====== Data provided ======
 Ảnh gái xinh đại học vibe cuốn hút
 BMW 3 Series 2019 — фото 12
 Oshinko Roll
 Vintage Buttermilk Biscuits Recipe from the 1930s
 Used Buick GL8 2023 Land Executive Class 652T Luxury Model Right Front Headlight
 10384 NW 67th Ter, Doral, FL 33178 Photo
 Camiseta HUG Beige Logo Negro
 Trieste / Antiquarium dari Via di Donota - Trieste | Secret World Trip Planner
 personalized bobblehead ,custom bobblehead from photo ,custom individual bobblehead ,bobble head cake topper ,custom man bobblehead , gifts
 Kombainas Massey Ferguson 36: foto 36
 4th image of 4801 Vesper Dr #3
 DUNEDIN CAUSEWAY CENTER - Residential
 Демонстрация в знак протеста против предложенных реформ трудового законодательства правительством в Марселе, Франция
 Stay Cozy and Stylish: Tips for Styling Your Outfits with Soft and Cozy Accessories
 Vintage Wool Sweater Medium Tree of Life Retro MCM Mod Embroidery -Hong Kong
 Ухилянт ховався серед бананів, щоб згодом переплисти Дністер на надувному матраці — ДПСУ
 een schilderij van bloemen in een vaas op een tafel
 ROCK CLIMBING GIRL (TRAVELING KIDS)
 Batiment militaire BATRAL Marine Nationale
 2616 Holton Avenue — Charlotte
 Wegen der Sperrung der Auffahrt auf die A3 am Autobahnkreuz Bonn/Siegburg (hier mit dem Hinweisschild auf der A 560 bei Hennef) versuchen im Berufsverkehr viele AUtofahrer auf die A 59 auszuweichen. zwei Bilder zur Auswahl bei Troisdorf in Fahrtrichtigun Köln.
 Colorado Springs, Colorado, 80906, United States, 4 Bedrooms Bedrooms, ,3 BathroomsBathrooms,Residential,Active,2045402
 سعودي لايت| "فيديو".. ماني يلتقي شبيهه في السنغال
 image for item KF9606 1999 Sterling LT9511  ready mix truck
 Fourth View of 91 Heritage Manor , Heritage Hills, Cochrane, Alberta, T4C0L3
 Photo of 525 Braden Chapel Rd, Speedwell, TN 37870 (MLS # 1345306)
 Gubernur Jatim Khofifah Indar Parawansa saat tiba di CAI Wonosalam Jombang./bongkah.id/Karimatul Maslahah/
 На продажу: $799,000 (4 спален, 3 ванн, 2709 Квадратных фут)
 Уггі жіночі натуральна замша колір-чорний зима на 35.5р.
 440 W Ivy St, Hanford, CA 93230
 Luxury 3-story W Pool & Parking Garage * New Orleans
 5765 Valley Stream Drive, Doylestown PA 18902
======
● **Exercise description**
Restate every record above, exactly, in full.

● **Solved exercise**
 Ảnh gái xinh đại học vibe cuốn hút
 BMW 3 Series 2019 — фото 12
 Oshinko Roll
 Vintage Buttermilk Biscuits Recipe from the 1930s
 Used Buick GL8 2023 Land Executive Class 652T Luxury Model Right Front Headlight
 10384 NW 67th Ter, Doral, FL 33178 Photo
 Camiseta HUG Beige Logo Negro
 Trieste / Antiquarium dari Via di Donota - Trieste | Secret World Trip Planner
 personalized bobblehead ,custom bobblehead from photo ,custom individual bobblehead ,bobble head cake topper ,custom man bobblehead , gifts
 Kombainas Massey Ferguson 36: foto 36
 4th image of 4801 Vesper Dr #3
 DUNEDIN CAUSEWAY CENTER - Residential
 Демонстрация в знак протеста против предложенных реформ трудового законодательства правительством в Марселе, Франция
 Stay Cozy and Stylish: Tips for Styling Your Outfits with Soft and Cozy Accessories
 Vintage Wool Sweater Medium Tree of Life Retro MCM Mod Embroidery -Hong Kong
 Ухилянт ховався серед бананів, щоб згодом переплисти Дністер на надувному матраці — ДПСУ
 een schilderij van bloemen in een vaas op een tafel
 ROCK CLIMBING GIRL (TRAVELING KIDS)
 Batiment militaire BATRAL Marine Nationale
 2616 Holton Avenue — Charlotte
 Wegen der Sperrung der Auffahrt auf die A3 am Autobahnkreuz Bonn/Siegburg (hier mit dem Hinweisschild auf der A 560 bei Hennef) versuchen im Berufsverkehr viele AUtofahrer auf die A 59 auszuweichen. zwei Bilder zur Auswahl bei Troisdorf in Fahrtrichtigun Köln.
 Colorado Springs, Colorado, 80906, United States, 4 Bedrooms Bedrooms, ,3 BathroomsBathrooms,Residential,Active,2045402
 سعودي لايت| "فيديو".. ماني يلتقي شبيهه في السنغال
 image for item KF9606 1999 Sterling LT9511  ready mix truck
 Fourth View of 91 Heritage Manor , Heritage Hills, Cochrane, Alberta, T4C0L3
 Photo of 525 Braden Chapel Rd, Speedwell, TN 37870 (MLS # 1345306)
 Gubernur Jatim Khofifah Indar Parawansa saat tiba di CAI Wonosalam Jombang./bongkah.id/Karimatul Maslahah/
 На продажу: $799,000 (4 спален, 3 ванн, 2709 Квадратных фут)
 Уггі жіночі натуральна замша колір-чорний зима на 35.5р.
 440 W Ivy St, Hanford, CA 93230
 Luxury 3-story W Pool & Parking Garage * New Orleans
 5765 Valley Stream Drive, Doylestown PA 18902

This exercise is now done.